▶ **SOURCE RECORDS**:

◇ ◇ ◇ ◇ ◇

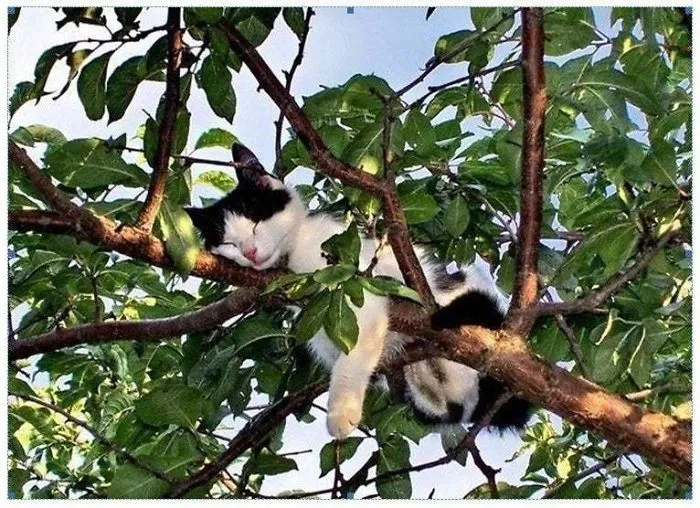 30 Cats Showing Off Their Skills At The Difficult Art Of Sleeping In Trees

◇ ◇ ◇ ◇ ◇

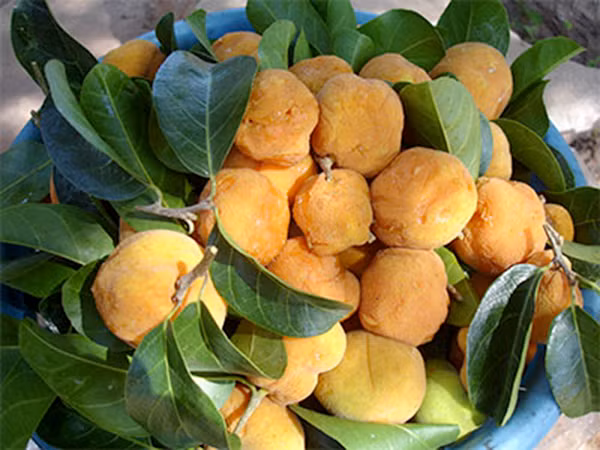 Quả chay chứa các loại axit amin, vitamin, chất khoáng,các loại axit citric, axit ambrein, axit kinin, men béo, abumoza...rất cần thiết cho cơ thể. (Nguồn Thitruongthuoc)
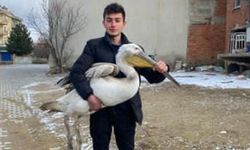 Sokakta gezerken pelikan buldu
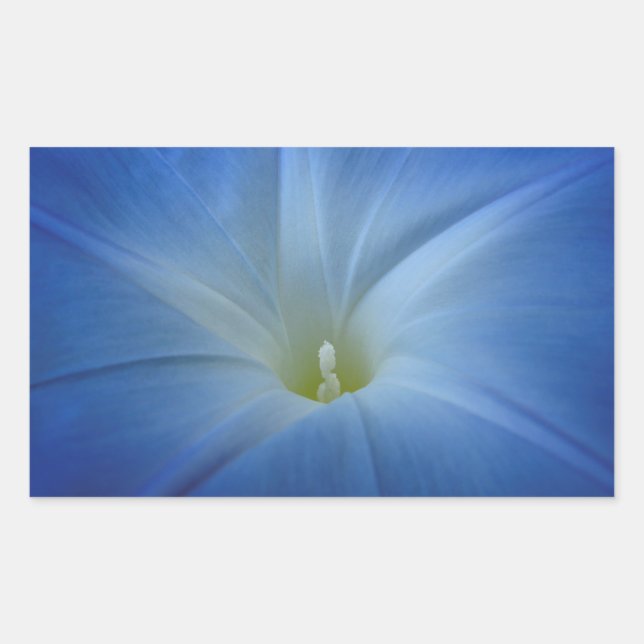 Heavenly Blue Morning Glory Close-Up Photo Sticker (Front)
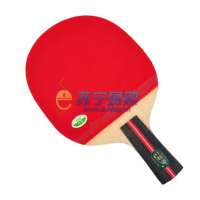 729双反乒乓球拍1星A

◇ ◇ ◇ ◇ ◇

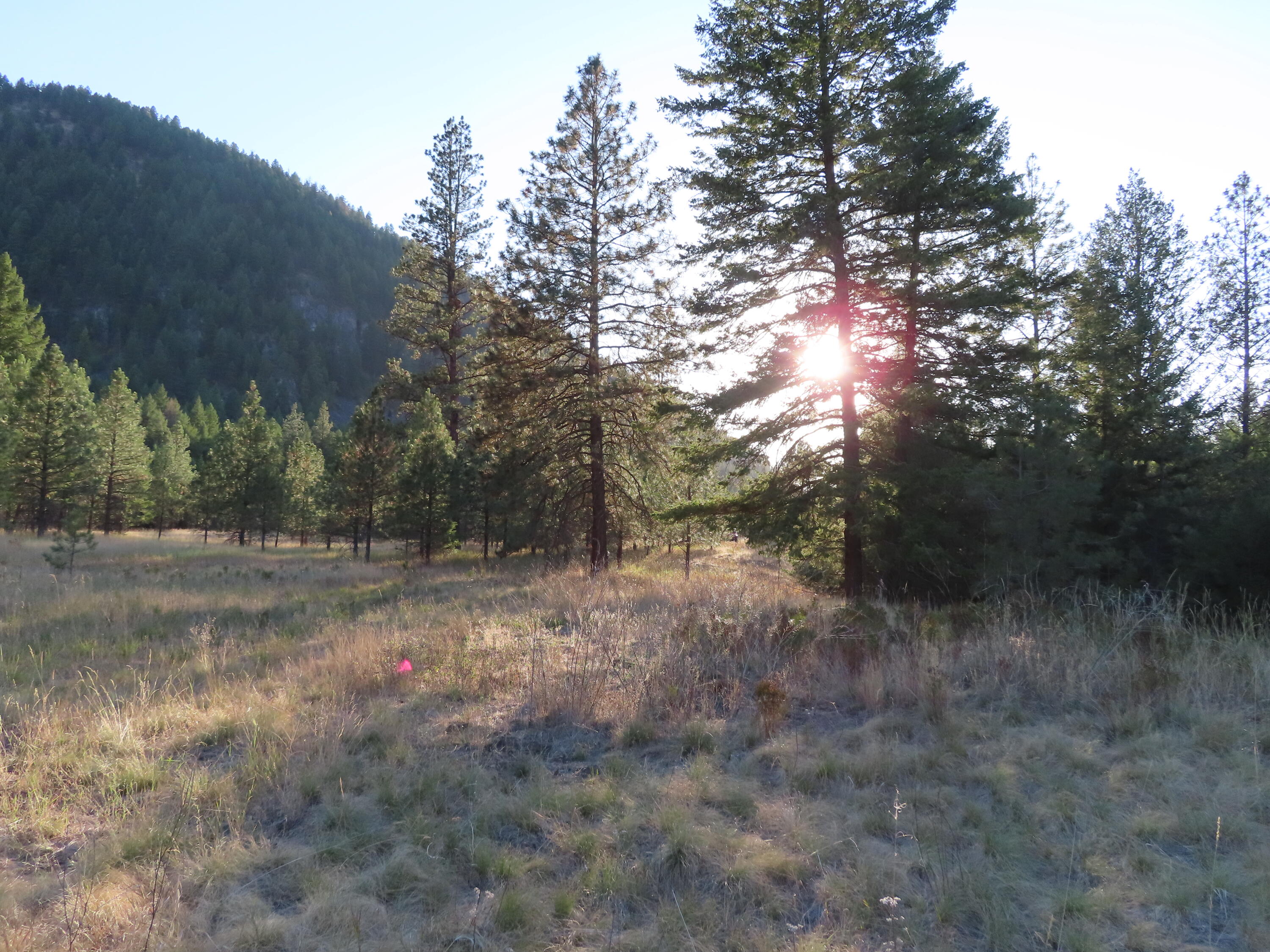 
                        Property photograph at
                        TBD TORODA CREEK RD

◇ ◇ ◇ ◇ ◇

▶ **EXERCISE**: From the material above, output only the span of lines that starts at the one containing "Quả chay chứa" and finishes at the one containing "729双反乒乓球拍1星A", word for word and free of pictures.

▶ **YOUR RESPONSE**:
 Quả chay chứa các loại axit amin, vitamin, chất khoáng,các loại axit citric, axit ambrein, axit kinin, men béo, abumoza...rất cần thiết cho cơ thể. (Nguồn Thitruongthuoc)
 Sokakta gezerken pelikan buldu
 Heavenly Blue Morning Glory Close-Up Photo Sticker (Front)
 729双反乒乓球拍1星A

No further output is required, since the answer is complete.